Producing a Hand-Made Book

The writer of Ecclesiastes correctly surmised that there was no end to the business of making books. However, their publication in hard copy is another matter. Today’s commercial book market is dominated by the perfect-bound softcover book. Although hardcover books still appear regularly, these are almost entirely machine-produced. In appearance, many of these imitate the traditional hand-bound books of a century ago, but no machine-produced books have the durable qualities of the traditional “library” binding. Nor, indeed, do they have quite the same look, feel or smell. A traditional binding in leather or leather quarters is a thing of beauty. One can readily agree with Winston Churchill on this:

If you cannot read all your books, at any rate handle, or as it were, fondle them – peer into them, let them fall open where they will, read from the first sentence that arrests the eye, set them back on the shelves with your own hands, arrange them on your own plan so that if you do not know what is in them, you at least know where they are. Let them be your friends; let them at any rate be your acquaintances. If they cannot enter the circle of your life, do not deny them at least a nod of recognition.

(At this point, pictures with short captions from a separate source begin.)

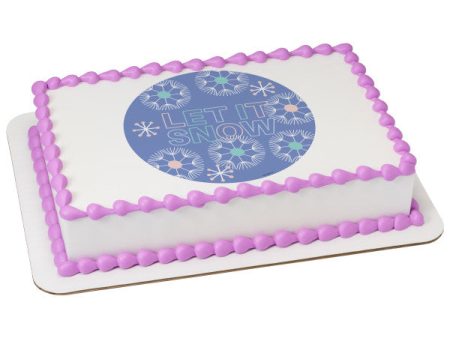 Let It Snow Edible Cake Topper Image Hot on Sale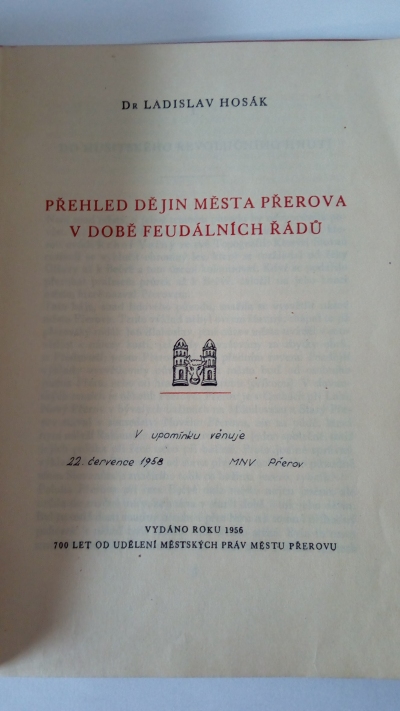 Přehled dějin města Přerova v době feudálních řádů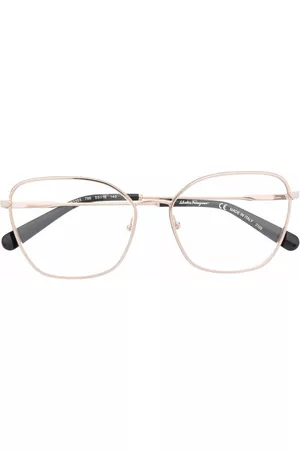 Salvatore Ferragamo Oversize-frame engraved-logo glasses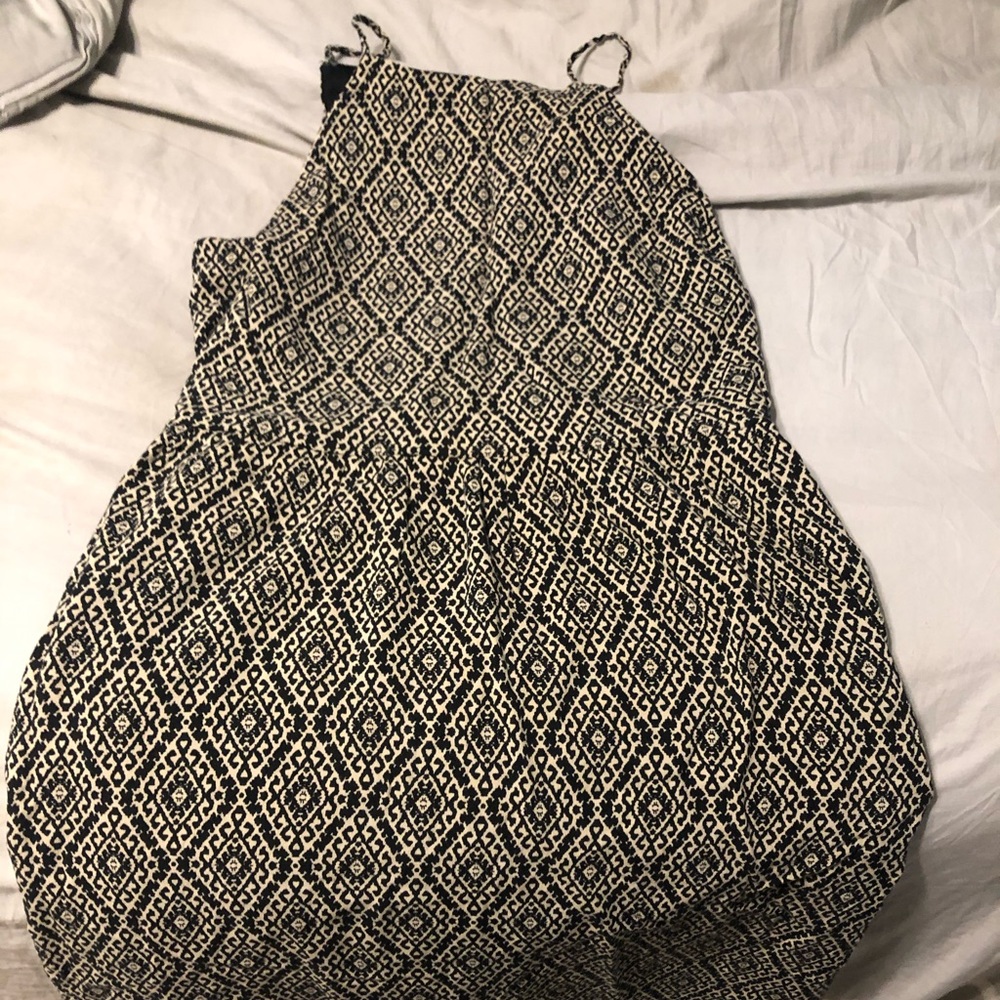 Black and beige patterned dress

At Carbarita Press, the physical object is just as important as its contents. A good book will beckon to you.

The owner-operators of Carbarita Press, Coman and Oldmeadow oversee the whole production of their books from the initial writing of the text (or the selection and editing of the texts of others), through copy editing, layout and design, inkjet printing, collation of pages, to the sewing of signatures and the final binding in traditional styles.

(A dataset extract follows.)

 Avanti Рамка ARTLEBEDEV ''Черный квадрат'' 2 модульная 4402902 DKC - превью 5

Binding is done by Brian Coman who became interested in the traditional techniques of bookbinding in 2018. By his own admission he is a rank amateur, and points out that a skilled bookbinder of yore would spend many years of apprenticeship to a Master of the trade. His own learning ( such as it is) is largely via books written by master bookbinders from the early part of the last century.

Due to the scarcity/high cost of much of the traditional equipment used, Brian has built most of his own presses, book ploughs and sewing frames. Some of the equipment is pictured below.

The manner of sewing depends upon the type of book. The most common method is often termed “sewn on tapes” and here, collections of folded pages (called signatures) are sewn as per the photograph below:

In this form of binding, the glued spine is usually “rounded and backed” to prevent excess swelling at the spine. This gives a characteristically rounded spine and a slightly concave foredge. Both are pleasing to the eye and make for a book with even sides.

Rounded and “backed” spine

The finished text block then has the boards attached to produce the standard “hard cover”.

Final covering in leather or bookcloth then completes the book.